# What you need to do
What you give back should be exactly the lines from the one with "Siergrassen - Festuca" through the end of the data, without the pictures.

Brief descriptive captions
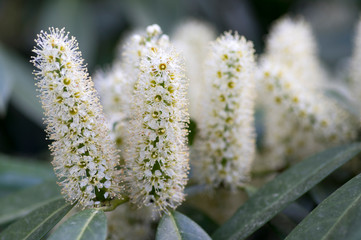 Fototapeta premium Prunus laurocerasus shrub in bloom with group of small white flowers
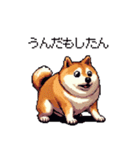 鹿児島弁の太っちょ柴犬（個別スタンプ：16）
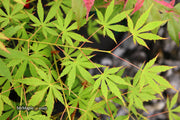 - Acer palmatum 'Fountain of Youth' Japanese Maple - Mr Maple │ Buy Japanese Maple Trees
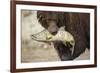 Brown Bear Catching Spawning Salmon, Katmai National Park, Alaska-Paul Souders-Framed Photographic Print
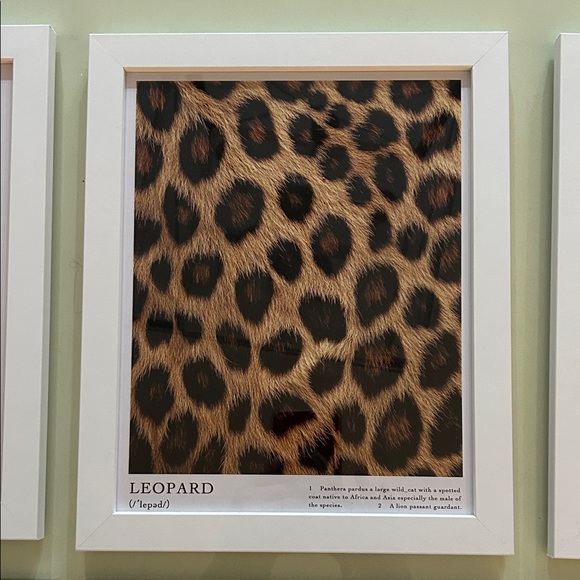 Leopard Print Art Set - 6 Pieces - Picture 4 of 10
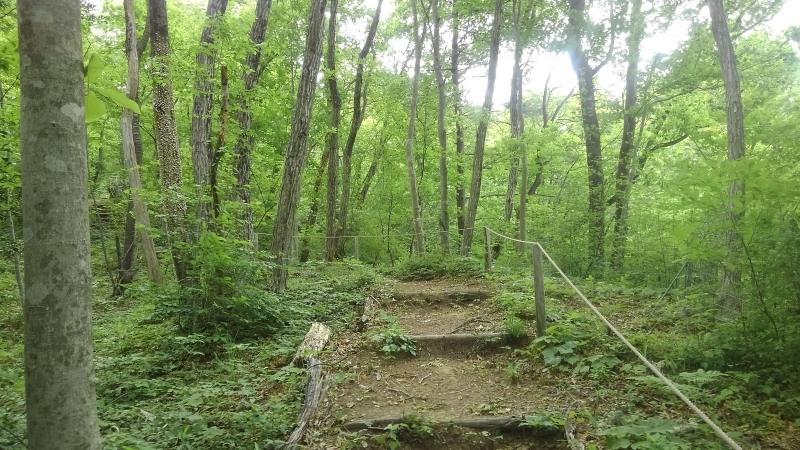 山野草公園（撮影：田中宏樹）
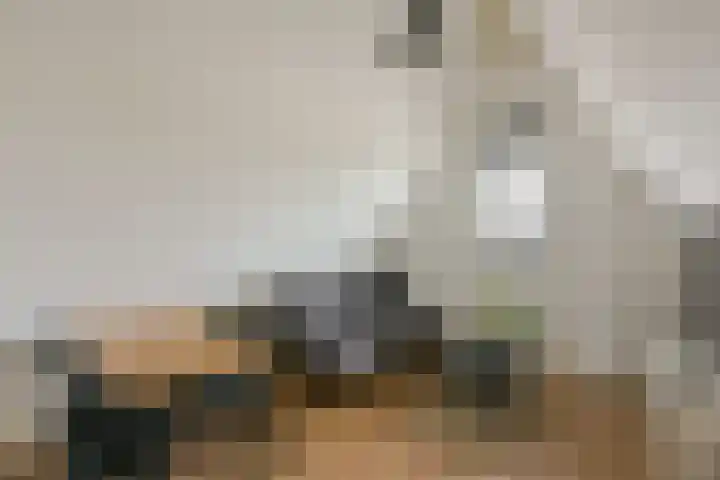 Kieftslootweid 13 Blokker thumbnail 27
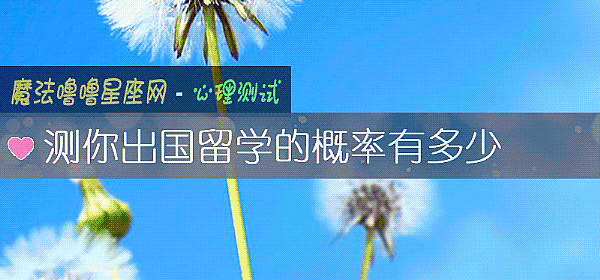 测你出国留学的概率有多少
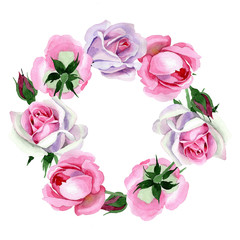 Wildflower tender pink rose flower wreath in a watercolor style. Full name of the plant: tender pink rose, hulthemia. Aquarelle wild flower for background, texture, wrapper pattern, frame or border.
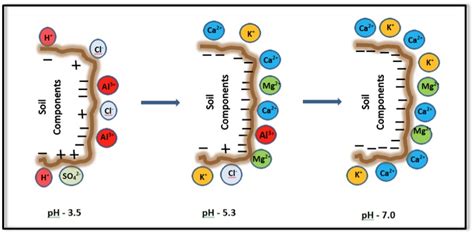 Fundamentals Of Understanding Cec Cation Exchange Capacity Of Your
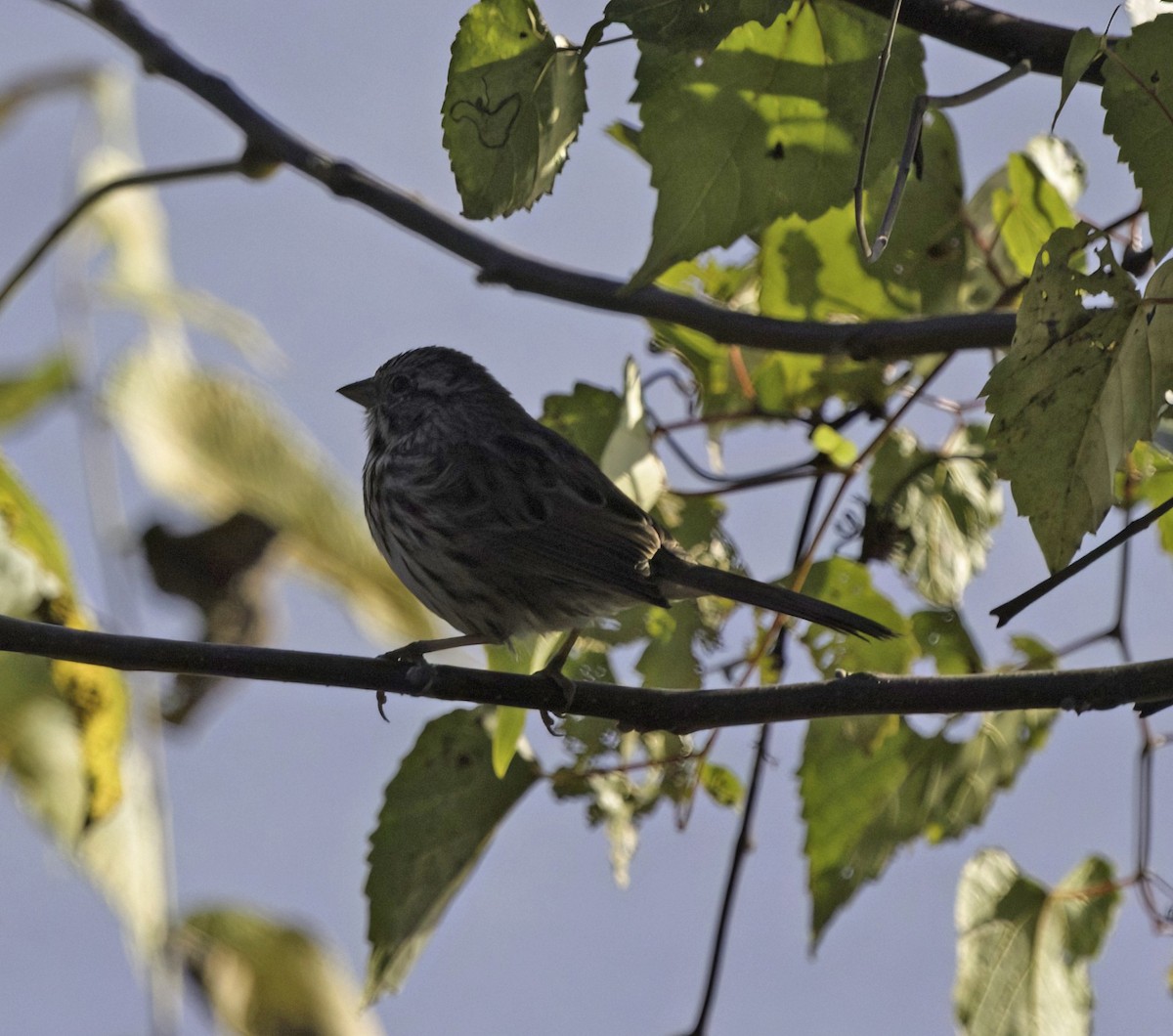 Song Sparrow - ML642971420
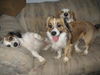 Family-ADOPTED!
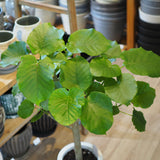 フィカス ウンベラータ 7号 朴仕立て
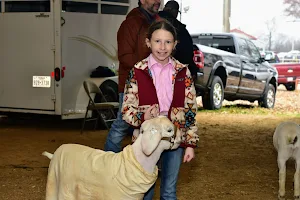Hunt County Livestock & Fair image
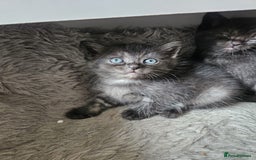 Burmese cats for sale: Beautiful Burmese x British kittens for sale 🤍  - Image 7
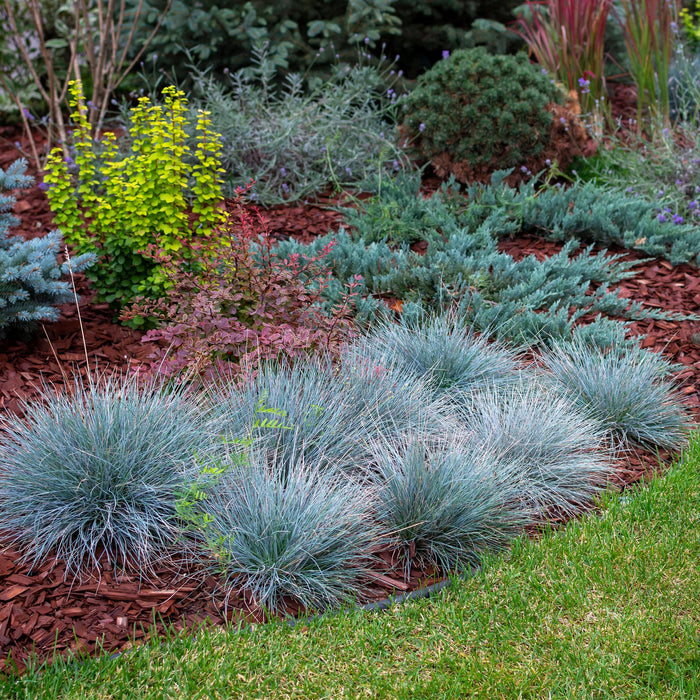 Siergrassen - Festuca glauca Intense Blue  - Blauw - 4 Planten - Bladhoudend - Weinig Onderhoud - Pot 17cm Hoogte 50cm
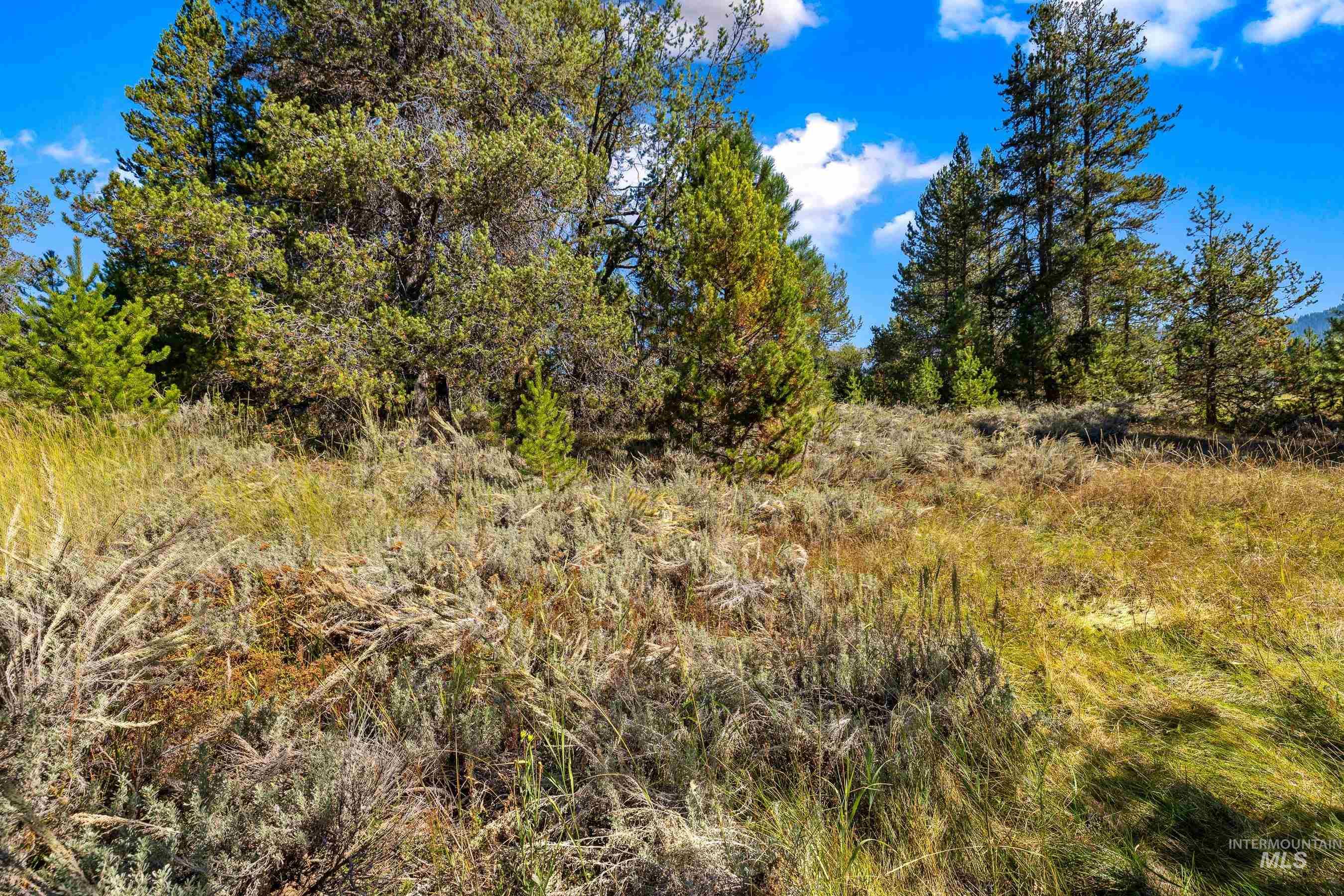 433 Wilhelm Creek Court, McCall, Idaho 83638, Land For Sale, Price $249,000,MLS 98974427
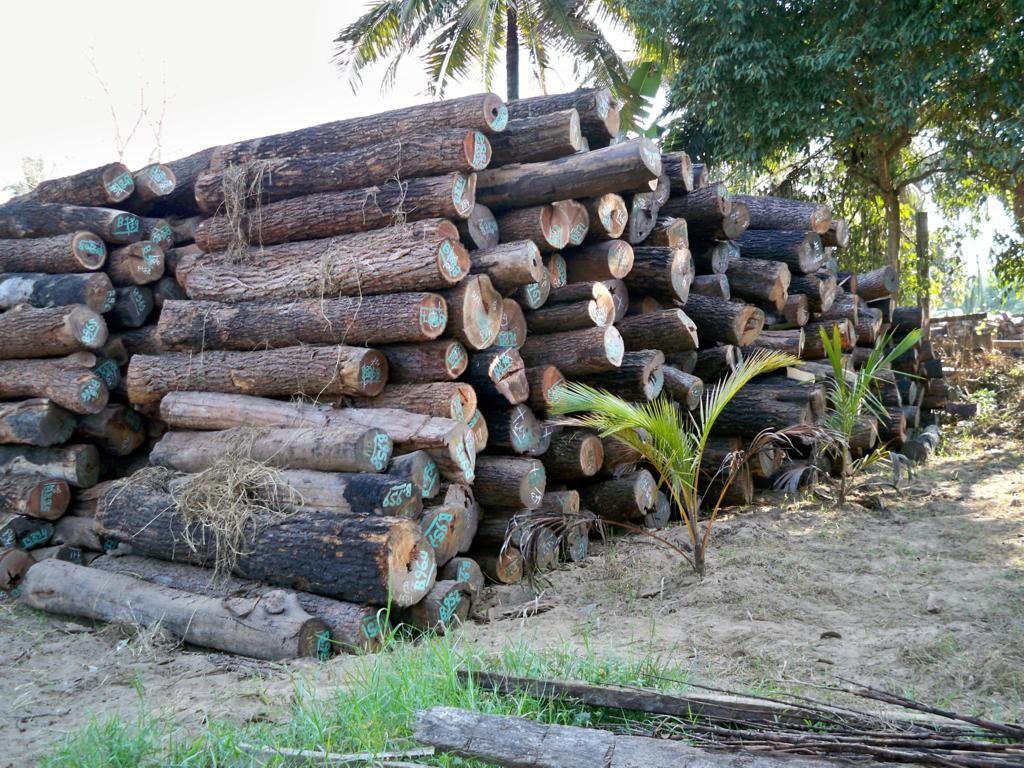 С�~�t̴��Ԕ����B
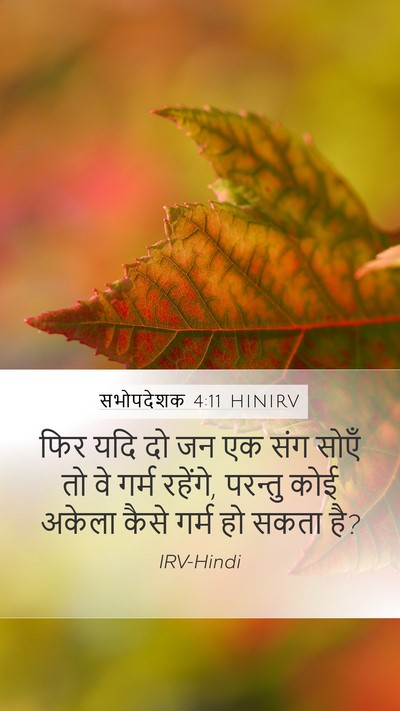 सभोपदेशक 4:11 HINIRV Bible Verse Image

# Task result
 Siergrassen - Festuca glauca Intense Blue  - Blauw - 4 Planten - Bladhoudend - Weinig Onderhoud - Pot 17cm Hoogte 50cm
 433 Wilhelm Creek Court, McCall, Idaho 83638, Land For Sale, Price $249,000,MLS 98974427
 С�~�t̴��Ԕ����B
 सभोपदेशक 4:11 HINIRV Bible Verse Image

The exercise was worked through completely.